▸ WHAT TO PRODUCE
In the listing below, find the line that contains "2026 Boston Whaler" and the line that contains "Londra, Regno Unito.". Quote both and every line between them, exactly, and nothing more.

▸ RECORDS SHOWN
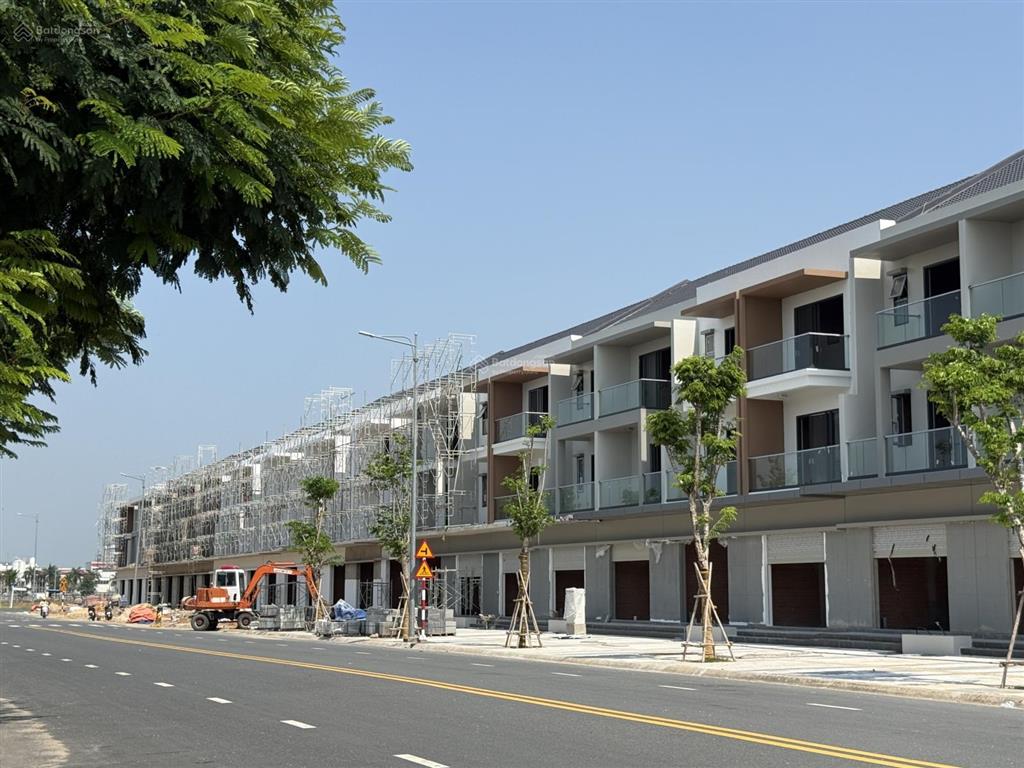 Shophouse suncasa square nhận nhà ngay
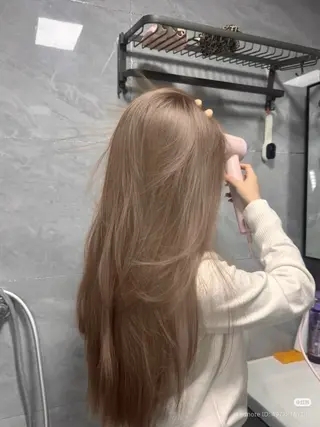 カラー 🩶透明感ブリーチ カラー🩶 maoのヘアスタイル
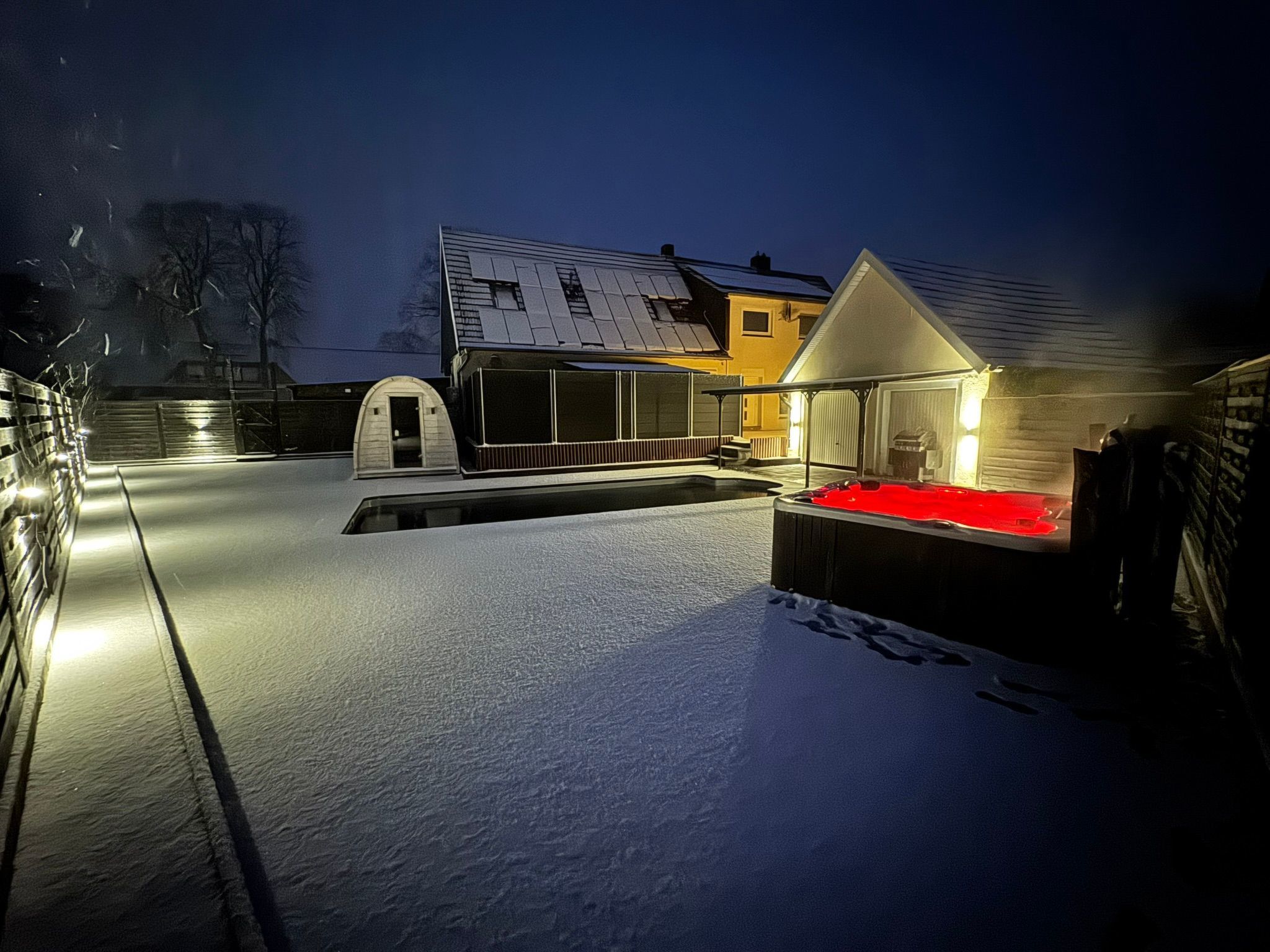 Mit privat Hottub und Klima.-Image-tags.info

==

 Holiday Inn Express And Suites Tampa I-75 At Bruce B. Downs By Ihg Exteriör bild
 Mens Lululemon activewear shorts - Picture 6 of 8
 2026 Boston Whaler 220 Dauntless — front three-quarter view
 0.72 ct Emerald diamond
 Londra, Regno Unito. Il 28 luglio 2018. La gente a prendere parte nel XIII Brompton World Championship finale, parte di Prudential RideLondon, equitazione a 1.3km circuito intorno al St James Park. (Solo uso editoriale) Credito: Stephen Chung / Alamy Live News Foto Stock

▸ RESULT OF THE TASK
 2026 Boston Whaler 220 Dauntless — front three-quarter view
 0.72 ct Emerald diamond
 Londra, Regno Unito. Il 28 luglio 2018. La gente a prendere parte nel XIII Brompton World Championship finale, parte di Prudential RideLondon, equitazione a 1.3km circuito intorno al St James Park. (Solo uso editoriale) Credito: Stephen Chung / Alamy Live News Foto Stock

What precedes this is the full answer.